■ WHAT YOU SHOULD DO:
Please set down the data again exactly, minus the pictures.

■ GIVEN INFORMATION:
************
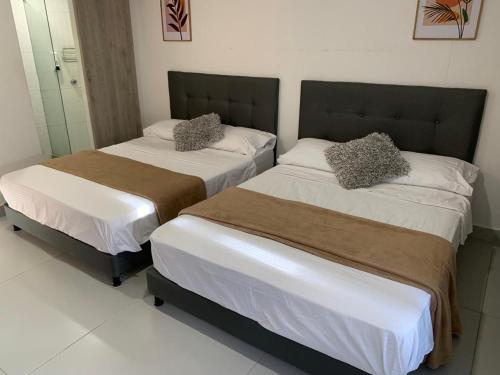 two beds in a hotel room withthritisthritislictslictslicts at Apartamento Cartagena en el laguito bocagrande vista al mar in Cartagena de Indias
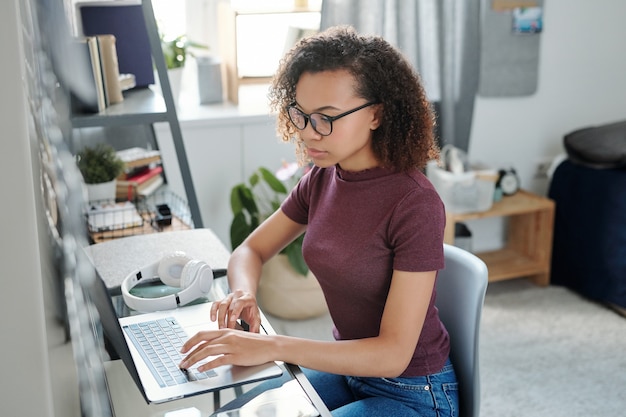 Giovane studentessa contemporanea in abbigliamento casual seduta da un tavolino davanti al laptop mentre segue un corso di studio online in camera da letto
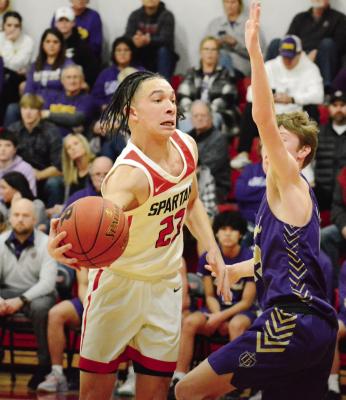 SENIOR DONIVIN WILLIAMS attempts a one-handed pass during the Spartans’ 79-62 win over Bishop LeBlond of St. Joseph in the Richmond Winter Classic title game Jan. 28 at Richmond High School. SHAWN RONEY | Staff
************
■ ANSWER TO THE EXERCISE:
 two beds in a hotel room withthritisthritislictslictslicts at Apartamento Cartagena en el laguito bocagrande vista al mar in Cartagena de Indias
 Giovane studentessa contemporanea in abbigliamento casual seduta da un tavolino davanti al laptop mentre segue un corso di studio online in camera da letto
 SENIOR DONIVIN WILLIAMS attempts a one-handed pass during the Spartans’ 79-62 win over Bishop LeBlond of St. Joseph in the Richmond Winter Classic title game Jan. 28 at Richmond High School. SHAWN RONEY | Staff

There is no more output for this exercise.